Leave the pictures in the listing below aside and reproduce exactly the lines starting with the one with "Grunge halftone black" and going on through the one with "couro relógios masculinos", both ends included.

[Supplied data]

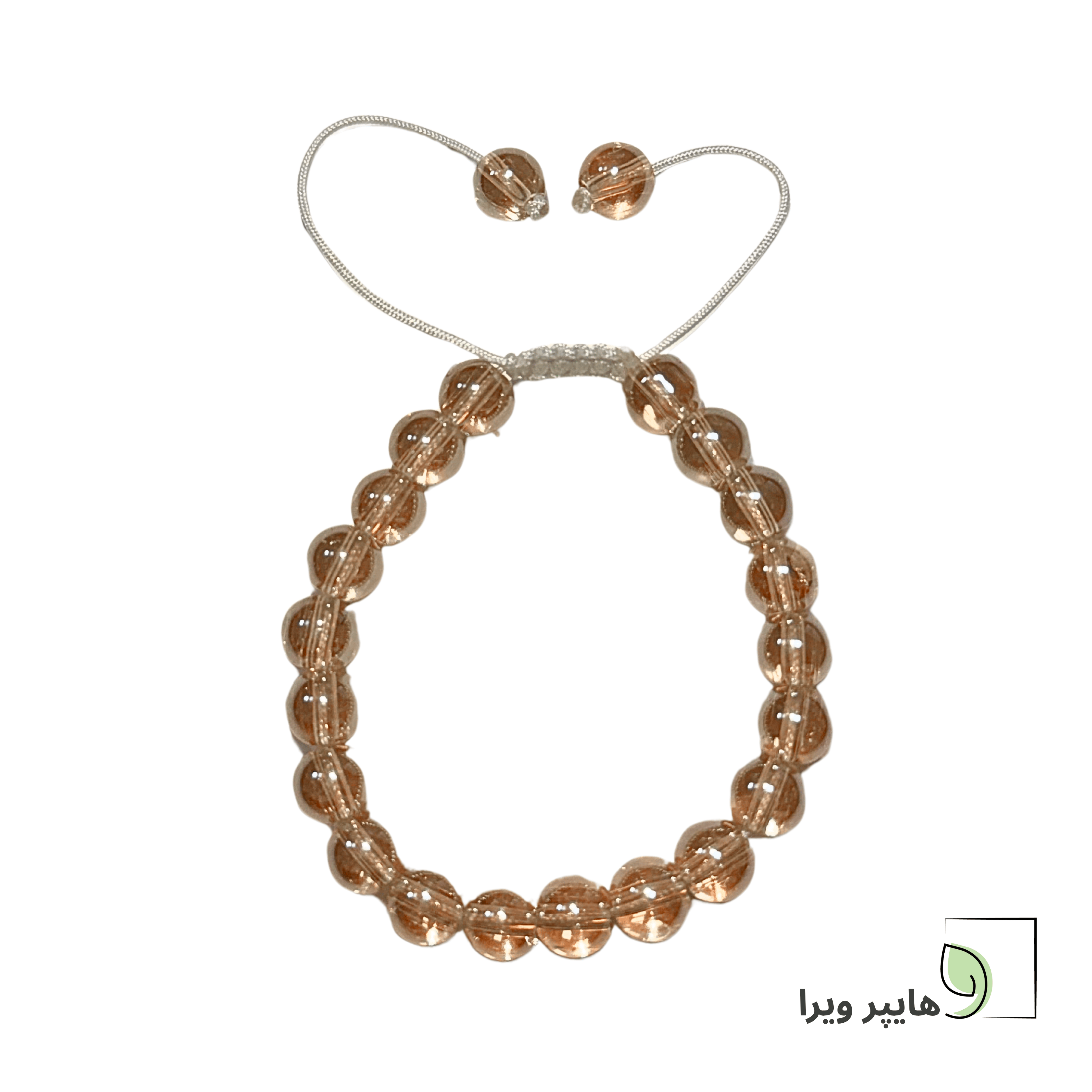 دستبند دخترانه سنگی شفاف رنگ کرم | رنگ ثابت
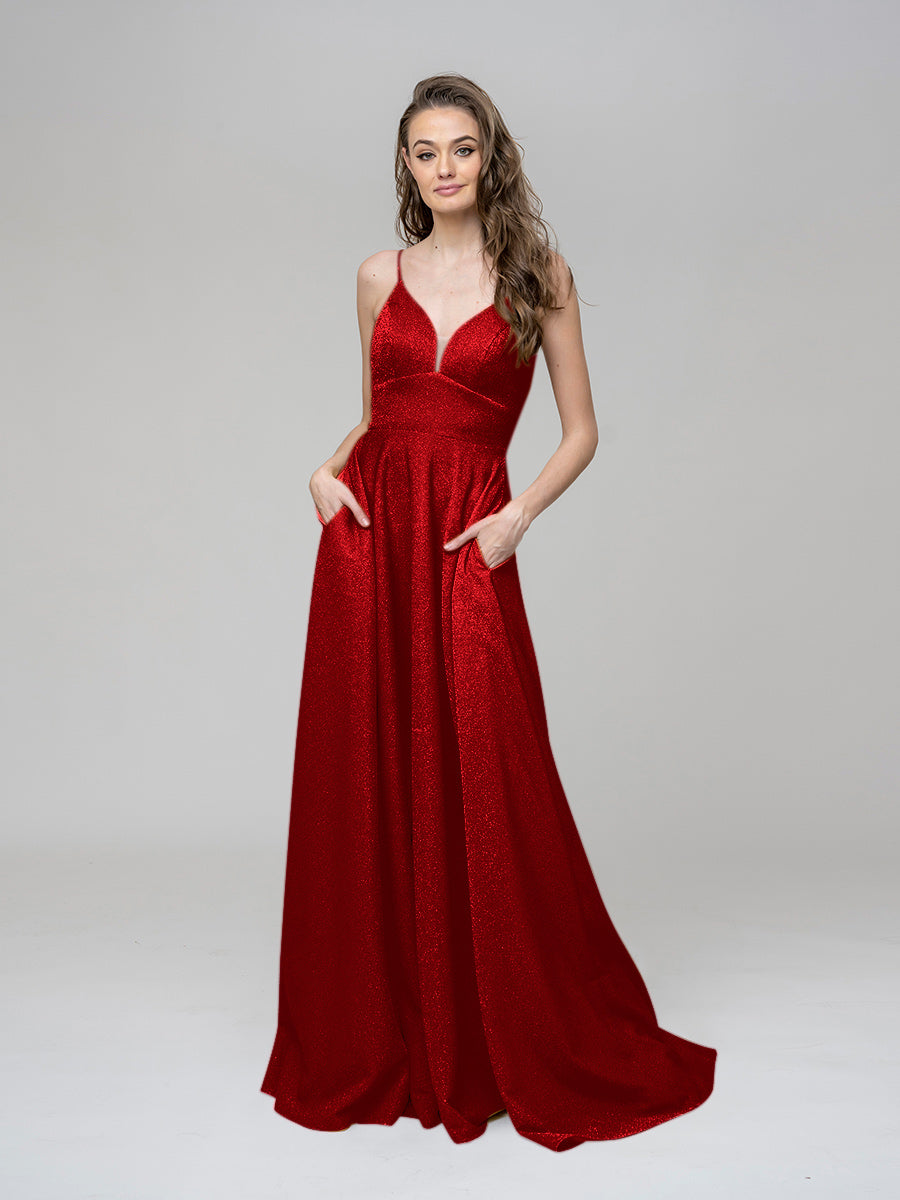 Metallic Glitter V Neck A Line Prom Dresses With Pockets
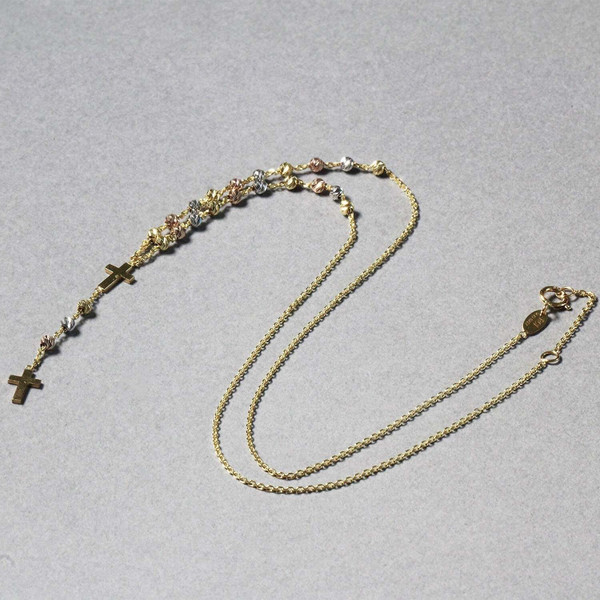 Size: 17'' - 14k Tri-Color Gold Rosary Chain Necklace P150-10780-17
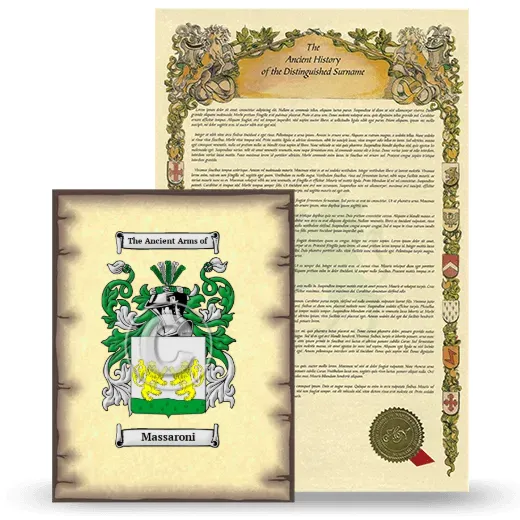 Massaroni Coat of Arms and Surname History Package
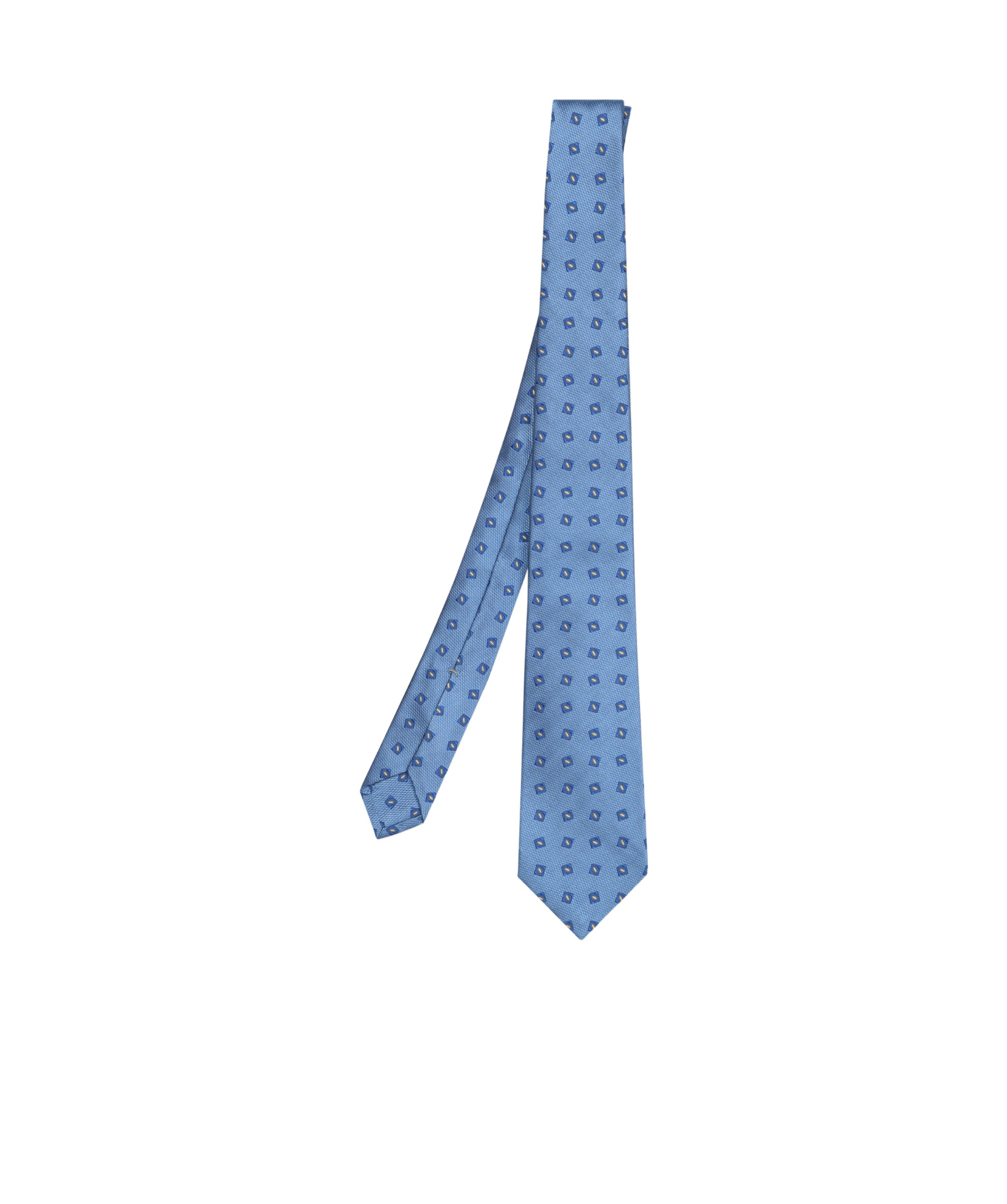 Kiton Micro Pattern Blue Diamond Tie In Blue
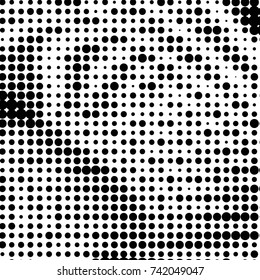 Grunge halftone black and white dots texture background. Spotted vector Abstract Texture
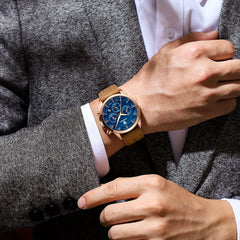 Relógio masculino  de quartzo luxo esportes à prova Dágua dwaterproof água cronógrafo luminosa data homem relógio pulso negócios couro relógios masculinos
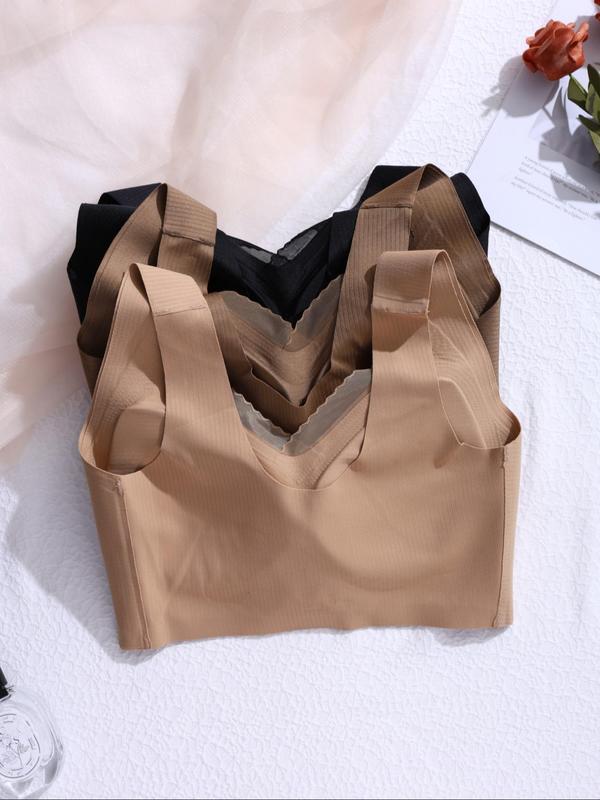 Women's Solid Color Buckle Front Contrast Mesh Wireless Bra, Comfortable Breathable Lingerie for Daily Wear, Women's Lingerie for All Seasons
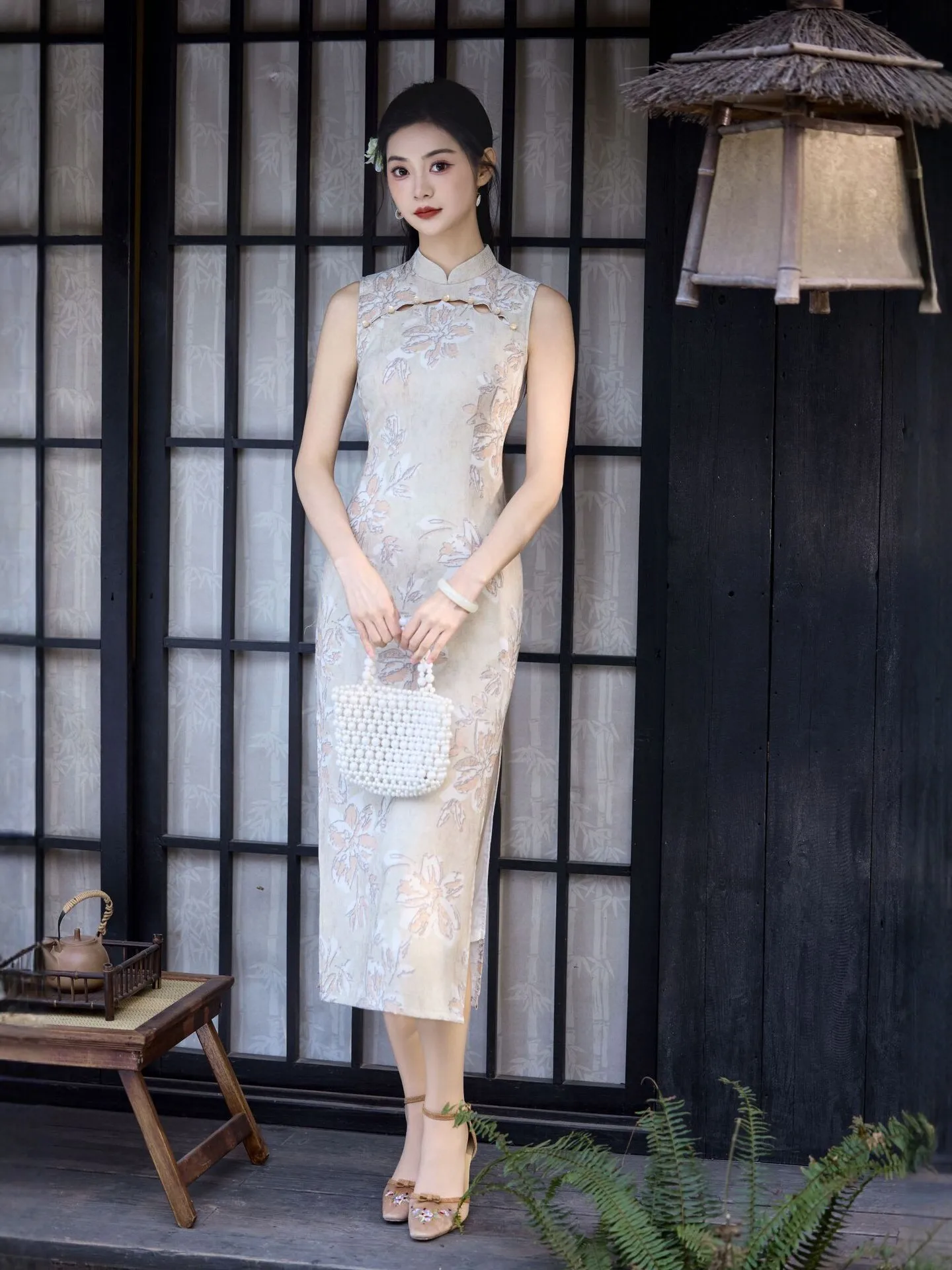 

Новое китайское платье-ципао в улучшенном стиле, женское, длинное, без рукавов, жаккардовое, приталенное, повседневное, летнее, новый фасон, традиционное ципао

[/Supplied data]

### Result
 Grunge halftone black and white dots texture background. Spotted vector Abstract Texture
 Relógio masculino  de quartzo luxo esportes à prova Dágua dwaterproof água cronógrafo luminosa data homem relógio pulso negócios couro relógios masculinos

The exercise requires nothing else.